In 1965, AT&T and General Motors represented 14.5% of the S&P 500. Today, the top five names, Apple, Microsoft, Alphabet, Amazon, and Facebook make up less than that.

The percent of market cap made up by the ten largest names was cut in half from 1962-1980, and has held steady for the better part of the last four decades, as shown in the chart below from Travis Fairchild of O’Shaughnessy Asset Management. 

In the 29 years since 1990, General Electric and Exxon were the largest stocks in the S&P 500 nineteen times. The only others to claim the top spot were IBM, Microsoft, and now Apple.

The top ten has been tough to crack, with only 33 names appearing on this list since 1990 (table below). Exxon is the only company that has been in the top ten in market cap every year (General Electric also held this distinction until 2018).

One more interesting nugget and I’ll arrive at the point. In 1965 AT&T’s market cap was 7.5% of the index and had a market cap of $317,350,000, equivalent to $253.83 billion today, which would make it the 13th biggest stock. I doubt we see a repeat of this any time soon. A 7.5% weighting today would be $1.78 trillion.

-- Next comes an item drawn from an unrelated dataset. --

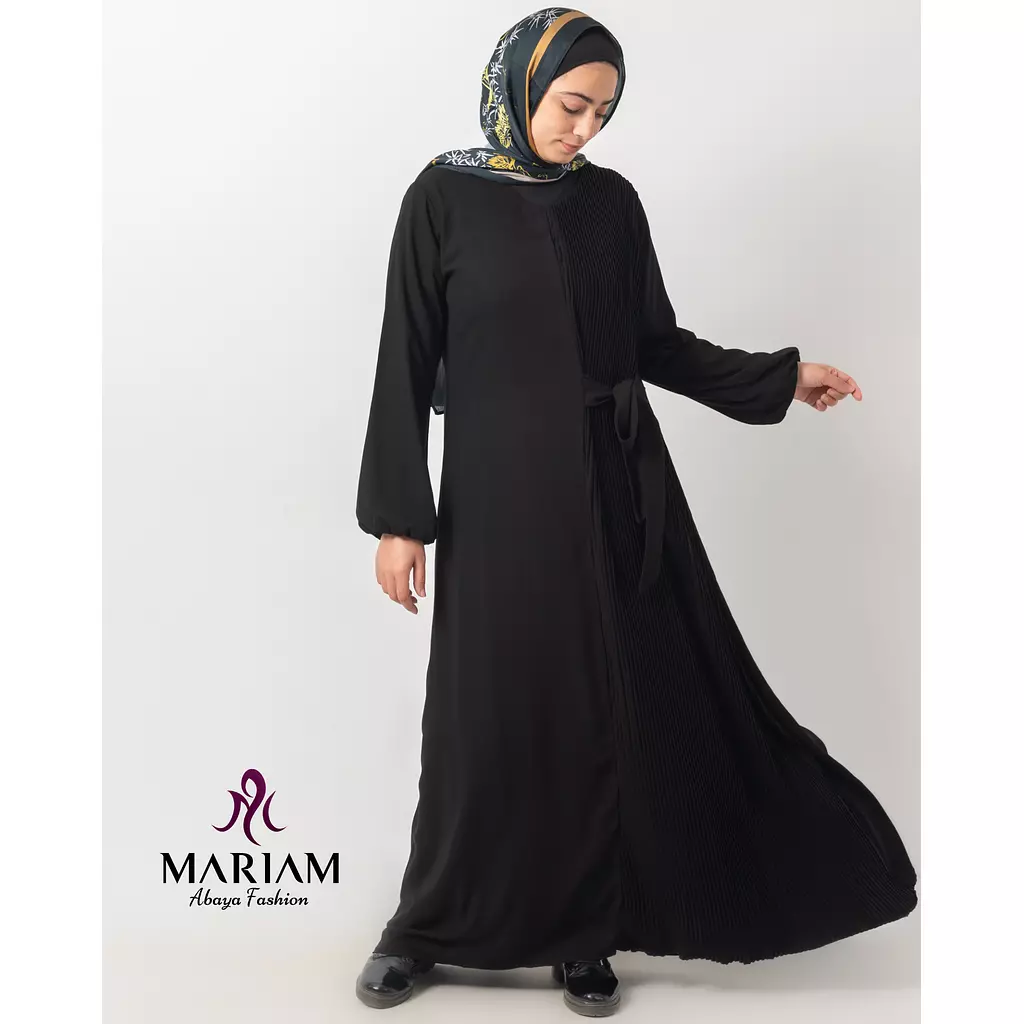  Pleated abaya Code A001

I asked Patrick and Travis to take a look at this because I was wondering whether the recent stampede into index funds was distorting the market. I was thinking that if it were, then the distortion would show up in the biggest names and their weighting in the index. You could plainly that there is no pattern in the chart below.

I recently wrote about General Electric falling from the 5th biggest weighting in the S&P 500 down to the 40th, despite the torrent of flows. But does this prove anything? Travis told me I might be thinking about this the wrong way. He said:

“Lets say a large sovereign wealth fund throws $500 billion into the Russell 1000. If that much money moves into that index I don’t think it is going to increase the percent of the top 10 vs the rest.  You might even argue it would decrease that metric, the logic being that the smaller/illiquid names will have more of an upward market impact than the larger more liquid names given the substantial inflow.”

I think Travis is onto something, but my brain hurts thinking about this. What are the best ways to examine what affect, if any, flows to index funds are having at the micro level? I’d love to hear some feedback and maybe we can look further into this.